I then used the following queries to look at steps, activity and sleep trends on a per-user basis:

```
SELECT 
  DISTINCT(Id) AS UniqueUser,
  ROUND(AVG(TotalSteps)) AS AvgStepsByUser,
  MIN(TotalSteps) AS MinSteps,
  MAX(TotalSteps) AS MaxSteps,
  ROUND(AVG(TotalMinutesAsleep)) AS AvgSleepByUser
   FROM `nifty-catfish-400822.fitbit_data.activity_sleep_merged`
WHERE
  TotalSleepRecords > 0
GROUP BY
  Id
ORDER BY
  Id
```

![Screen Shot 2023-10-05 at 1.59.51 PM.png](attachment:89c9f40f-ad3f-4d5f-a8c0-db76b5d53e8d.png)

```
SELECT 
  DISTINCT(Id) AS UniqueUser,
  ROUND(AVG(VeryActiveMinutes)) AS AvgVeryActive,
  ROUND(AVG(FairlyActiveMinutes)) AS AvgFairlyActive,
  ROUND(AVG(LightlyActiveMinutes)) AS AvgLightlyActive,
  ROUND(AVG(SedentaryMinutes)) AS AvgSedentary,
  ROUND(AVG(TotalMinutesAsleep)) AS AvgSleepByUser
   FROM `nifty-catfish-400822.fitbit_data.activity_sleep_merged`
WHERE
  TotalSleepRecords > 0
GROUP BY
  Id
ORDER BY
  Id
```
![Screen Shot 2023-10-05 at 1.59.10 PM.png](attachment:0ba89551-8098-4c3b-83fb-da3ce88bfb65.png)

```
SELECT 
  DISTINCT(Id) AS UniqueUser,
    SUM(VeryActiveMinutes) + SUM(FairlyActiveMinutes) + SUM(LightlyActiveMinutes) AS AvgActiveAll
   FROM `nifty-catfish-400822.fitbit_data.activity_sleep_merged`
WHERE
  TotalSleepRecords > 0
GROUP BY
  Id
ORDER BY
  Id
```
![Screen Shot 2023-10-05 at 4.04.52 PM.png](attachment:7d6f8c3f-b9f7-4910-b6c1-5d3dbdaa277a.png)

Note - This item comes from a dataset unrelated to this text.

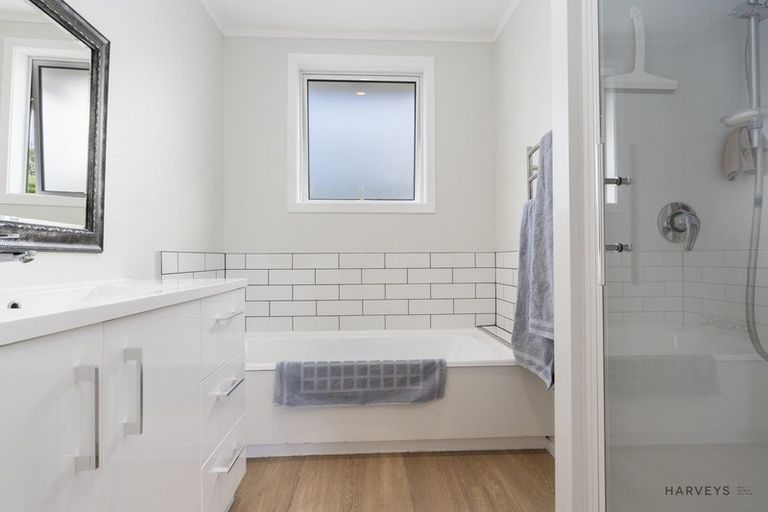 Photo of property in 21 Sunvue Road, Glen Eden, Auckland, 0602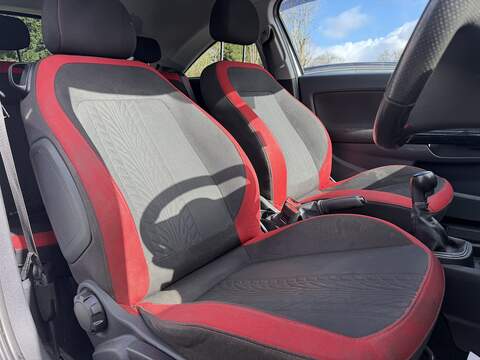 Vauxhall Corsa 1.4 16V SRi Hatchback 3dr Petrol Manual Euro 5 (A/C) (100 ps) - U2439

Finally, I used the following query to analyze heartrate data per user:

```
SELECT 
  DISTINCT(Id) AS UniqueUser,
  MIN(Value) AS MinHeartrate,
  MAX(Value) AS MaxHeartrate,
  ROUND(AVG(Value)) AS AvgHeartrate
FROM `nifty-catfish-400822.fitbit_data.seconds_heartrate_corrected`
GROUP BY
  Id
ORDER BY
  Id
```
![Screen Shot 2023-10-05 at 2.12.03 PM.png](attachment:87fc8eec-e2a2-4834-ad72-d7da1fe47245.png)

***
#### Share
I used Tableau to create visualizations of my analysis.

![Screen Shot 2023-10-05 at 4.41.56 PM.png](attachment:06edc56d-1786-4f62-9959-3d2edf3bb312.png)

![Screen Shot 2023-10-05 at 4.42.03 PM.png](attachment:cf8769af-5d3f-497b-8fe3-cb0858e34699.png)

![Screen Shot 2023-10-05 at 4.42.18 PM.png](attachment:97ad2417-c77c-444f-9092-90b11d5fe5e7.png)

Key findings:
* There was a strong negative correlation between average sedentary minutes and average nightly sleep.
* There was a moderate positive correlation between average number of active minutes (sum of light, fairly, very) and average nightly sleep.
* There was a moderate negative correlation between average daily steps and average heartrate.

***
#### Act
Based on my analysis, here are my recommendations to the stakeholders:
* Have the Bellabeat app send users a push notification after an extended sedentary (non-sleeping) period.
* Incorporate challenges and rewards into the Bellabeat app to incentivize users to be more active during the day
* Collect first-party Bellabeat user data to repeat this analysis and confirm these findings. Extend further analysis to data on mindfulness, hydration, and menstruation.